Elu en février 1919 au Conseil national, il perdit son mandat l’année suivante et fut alors nommé ambassadeur à Berlin. Sa mission n’y fut que de courte durée, car après le retrait des sociaux-démocrates autrichiens du gouvernement de coalition, en octobre 1920, il démissionna. Il siégea dès lors jusqu’à sa mort au « Bundesrat » (Conseil fédéral).
Par Georges Haupt
ŒUVRES : Untersuchung zur Geschichte der byzantinischen Verwaltung in Italien (Recherches sur l’Histoire de l’administration byzantine en Italie), thèse de doctorat ès lettres, 1895. — « Ecclesia Sancta Mariae in Vita lata Tabularium » (Recueil de documents). — Zur Wirtschaftsgeschichte Italiens im frühen Mittelalter (Contributions à l’histoire économique de l’Italie au début du Moyen Age), 1904. — Über historische Entwicklung (Sur le développement historique), Gotha, 1905. — Der Untergang der antiken Welt (Le déclin du monde antique). Conférences populaires, 1910. — Œsterreichs Deutschtum und Freiheit (Germanité et liberté en Autriche), Munich, 1910. — Fortbildung in Wien (La Formation postscolaire à Vienne). Bibliothèque centrale de l’Association culturelle populaire, Vienne, 1911. —Ein Kapitel vom spätantiken und frühmittelalterlichen Staat (Un chapitre de l’histoire de l’État de la fin de l’Antiquité et du haut Moyen Age), Berlin-Leipzig, 1913. — Geschichte Italiens im Mittelalter (Histoire de l’Italie au Moyen Age), 4 vol., 1897-1915. — Hundert Jahre italienischer Geschichte (Die Grundlagen des modernen Italien 1815-1915) (Gent ans d’Histoire italienne ; les fondements de l’Italie moderne, 1815-1915), Munich, 1916. — Christentum und Sozialismus (Chrétienté et socialisme), Munich — Leipzig, 1916. — Kurzgefasste Geschichte Italiens von Romulus bis Viktor Emmanuel (Brève histoire de l’Italie, de Romulus à Victor Emmanuel), 1924. — Die nationale Grenze vom soziologischen Standpunkt (La Frontière nationale du point de vue sociologique), Munich — Leipzig. — Über den Beruf unserer Zeit ; optimistische Betrachtungen (La vocation de notre temps ; considérations optimistes), Vienne —. Leipzig. — Weltgeschichte in gemeinverständlicher Darstellung (Histoire du monde à la portée de tous), Gotha, Andréas Pethes, 1919.

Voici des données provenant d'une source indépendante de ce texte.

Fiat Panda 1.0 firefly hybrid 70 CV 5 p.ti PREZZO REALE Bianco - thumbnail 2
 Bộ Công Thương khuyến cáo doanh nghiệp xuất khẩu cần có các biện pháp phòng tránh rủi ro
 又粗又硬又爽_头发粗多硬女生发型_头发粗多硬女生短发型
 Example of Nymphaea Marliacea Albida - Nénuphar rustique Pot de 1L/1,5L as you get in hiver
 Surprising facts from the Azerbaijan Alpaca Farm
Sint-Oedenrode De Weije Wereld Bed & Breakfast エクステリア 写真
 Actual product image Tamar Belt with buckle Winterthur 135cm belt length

SOURCES : Hans Mommsen, Die Sozialdemokratie und die Nationalitätenfrage im habsburgischen Vielvœlkerstaat (La Social-démocratie et la question des nationalités dans l’État multinational des Habsbourg), Vienne, 1963. — Rudolf Neck, Arbeiterschaft und Staat im ersten Weltkrieg, 1914-1918 (Les Ouvriers et l’État pendant la Première Guerre mondiale, 1914-1918), Vienne, 1964. — Jacques Hannak, Karl Renner und seine Zeit (Karl Renner et son temps), Vienne, 1965.